A character also gains a +2 circumstance bonus to a skill check if his or her relevant ability score (not bonus) is equal to or greater than the DC (e.g., an Acrobatics check gains a +2 against any DC 15 or less if your Dexterity is 15). This provides an early reward for natural talent that eventually gives ways to masteries. It provides a continual bonus if you focus heavily on one ability score without letting escalating ability bonus widely extend the skill rank range.

This rank system effectively means that a character specializing in a skill will have a total of +6 (plus a circumstance bonus) greater than an incompetent party member of the same level before magic and other misc bonuses (which will likely only extend the range by a few points until very high levels). Effectively, a challenge that is very difficult for an incompetent party member should still have some chance of failure for a specialist (but the specialist still has a definite advantage).

Difficulty

The DC of an opposed check is the target’s total skill rank +10. Trying to detect a hiding 5th level rogue with a +3 bonus to Stealth (mastered class skill) is a DC 18 Perception check.

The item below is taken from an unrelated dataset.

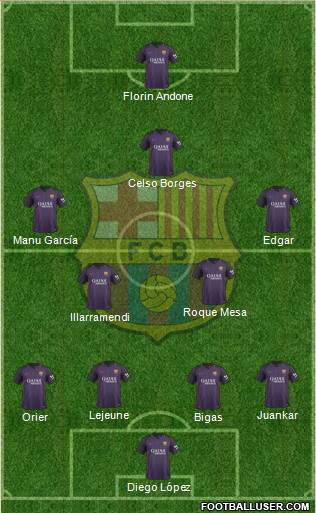 F.C. Barcelona Formation 2017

The DC of an unopposed check is based purely on the “level” of the challenge +10. Effectively, assign an unopposed challenge a level based on at what character level a completely untrained character should have even odds just based on years of generic adventuring competence. For example:

  • There’s a pretty decent chance that any adventurer has heard of the basic weaknesses of an appropriately challenging monster, so the DC for knowledge rolls to know about a monster is 10 + CR (with a small increase for monsters that are supposed to be rare and mysterious).
  • Even the party fighter eventually gets savvy to what spells are being cast, so a spellcraft DC to identify a spell is equal to 15 + the spell’s minimum caster level (giving those with no spellcraft a 50/50 shot of identifying spells three levels lower than their own wizard can cast).
  • In general, written skill DCs in the 10-20 range should be appropriate and actually stay challenging to the party for longer. Do consider collapsing DCs that escalate at a rate of +4 or +5 to +1 in order to match the decline in skill bonus spread.

Note: For a tighter range of DCs and a bigger advantage to specializing, you could go 4E style and halve both bonus from level and DC from level (e.g., a level 6 character only gets +3 from level but that’s okay because level 6 challenges are only DC 13).